Asked by Martin Assarsson

It seems to me that the mqtt queue is compromised and the server is rejecting the client over and over again due to malformatted package.
If I shut down the client and start it again it's all fine.
This happens after an extended time.

Just to test if this is the problem, is there a way to reset the queue even if QoS set to 2?

Question information

Language:
English Edit question
Status:
Solved
For:
mosquitto Edit question
Assignee:
No assignee Edit question
Solved by:
Roger Light
Solved:
Last query:
Last reply:
Revision history for this message
Roger Light (roger.light) said :
#1

Can you reproduce this consistently? What steps do you take?

Running mosq.reinitialise() will put the client into its original state as when it was first created.

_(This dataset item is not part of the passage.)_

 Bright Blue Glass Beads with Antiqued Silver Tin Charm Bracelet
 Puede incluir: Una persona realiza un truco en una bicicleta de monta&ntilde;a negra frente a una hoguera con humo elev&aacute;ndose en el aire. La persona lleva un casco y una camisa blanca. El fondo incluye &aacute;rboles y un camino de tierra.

Revision history for this message
Martin Assarsson (martin-assarsson) said :
#2

At the moment the only indication on when error 104 is during low traffic at night.
It has happened twice so far during a one week period.
I can not at the moment pinpoint what is triggering it.
Since the scenario is so huge I need to see exactly when it happens, and somehow record the moment.

Hardware:
* One DELL server
* 20 Embedded ARM machines
* 40 Android and IOS handhelds

Environment:
* One central MQTT-server on server
* One Python client on server. This is the one generating 104
* On each ARM;
** One MQTT bridge
** Two different Python clients
** One C++ client
* On each handheld;
** Two different MQTT clients

The one client that gets these errors is also connected to a mySQL database.

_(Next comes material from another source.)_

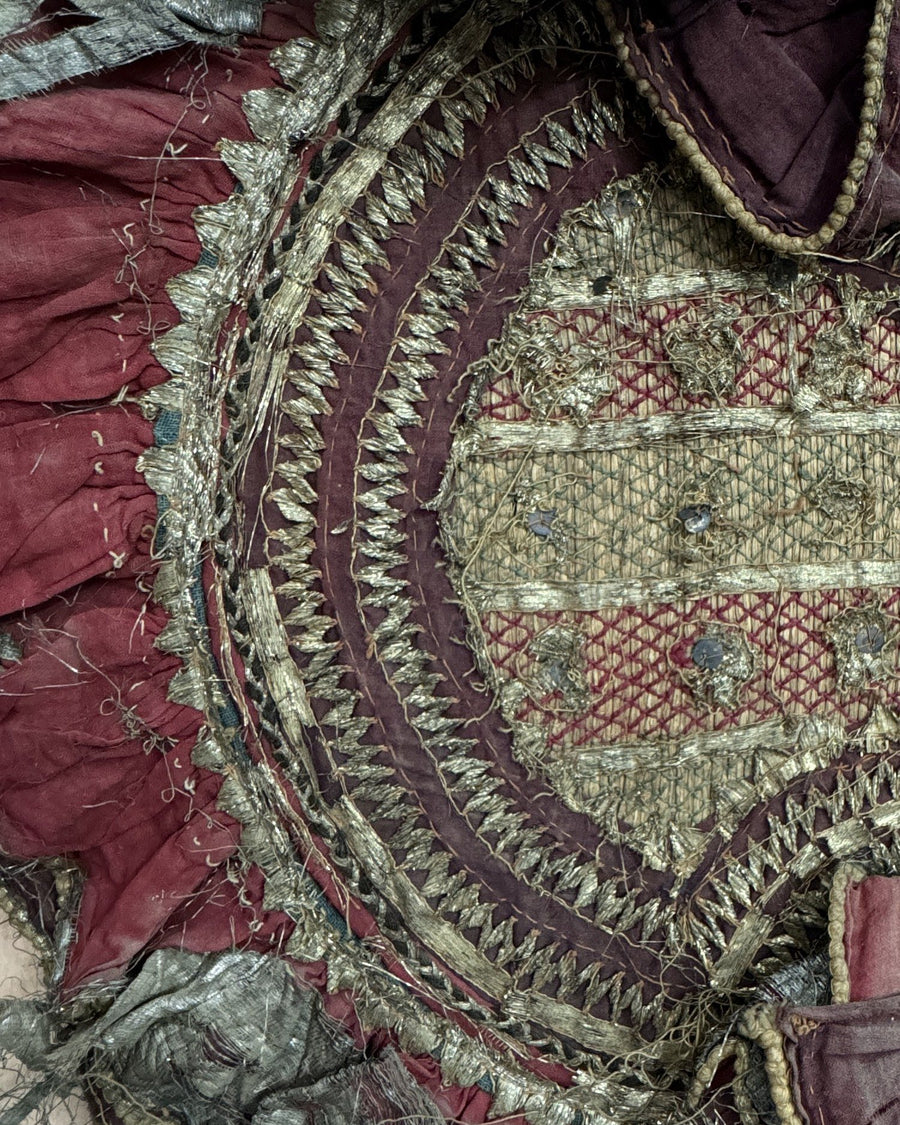 An embroidered medallion worked in concentric rings of metal thread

Revision history for this message
Roger Light (roger.light) said :
#3

That does sound quite complicated :)

Is there any chance you could provide a cut down copy of the Python
client with the problem? Just the MQTT related parts should be
sufficient. Can I also check that you're using version 1.0.2? There
were some fixes in 1.0 that helped with this type of reconnecting
problem.

Revision history for this message
Martin Assarsson (martin-assarsson) said :
#4

Yes I'm using 1.0.2!
The problem seems to have been raised when introducing 1.0.2.
At the same time that we upgraded to 1.0.2 we also migrated to new hardware and at the moment I'm investigating the possibility that the hardware is the core problem.

  // Martin

Revision history for this message
Roger Light (roger.light) said :
#5

Martin,

Can you provide any details about the mqtt side of your python client? Some things that might be important:

* Is it clean_session?
* What is the keepalive?
* Does it use the threaded interface (loop_start()) or non-threaded (loop())
* If it uses loop(), what is the timeout value?

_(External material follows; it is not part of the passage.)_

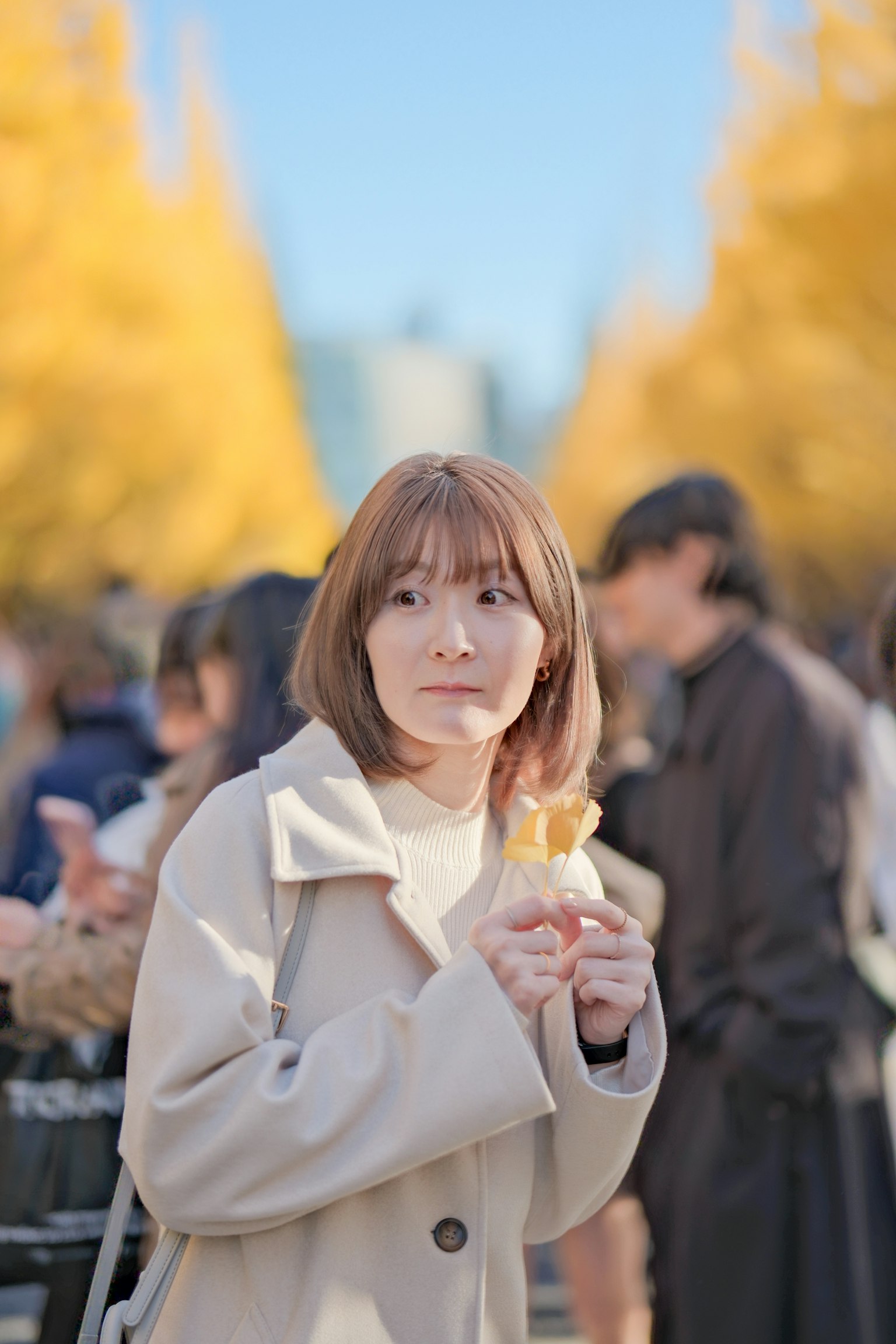 Wanita memegang es krim di antara pohon ginkgo kuning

Revision history for this message
Tobias Assarsson (tobias-assarsson) said :
#6

Hello!
I'm also working with this.
It's a non-threaded approach and we are using the default values of
* clean_session (true)
* keepalive (60)
* and loop (1)

Revision history for this message
Best Roger Light (roger.light) said :
#7

I've made some progress with this. After creating a version of the broker that deliberately misbehaved on occasion I think I've isolated the problem and found a solution - some variables weren't being reinitialised on calling reconnect(). Most of the time this wouldn't be a problem but in some situations it could produce the problem you were seeing.

I've committed the code in the changeset linked below. I plan to release it fairly soon as part of 1.0.3 - I've got a few other small fixes to include. If you could give it a test and report back I'd be grateful. The only file that has been updated that is relevant for you is mosquitto.py.

https://bitbucket.org/oojah/mosquitto/changeset/89743b5a25cae1e8201c1a3573518389a01d9ac2

Although I believe this fixes the problem with the reconnections there may still be another problem that is causing the disconnects in the first place. With keepalive==60 the broker has 60 seconds to respond to the client after it has sent its ping request. That's a long time for a packet to be delayed.

Revision history for this message
Martin Assarsson (martin-assarsson) said :
#8

Thanks Roger!
Will put this in test environment immediately.
Tobias will verify this.

  // Martin

Revision history for this message
Martin Assarsson (martin-assarsson) said :
#9

This patch seems to work.

Revision history for this message
Martin Assarsson (martin-assarsson) said :
#10

Thanks Roger Light, that solved my question.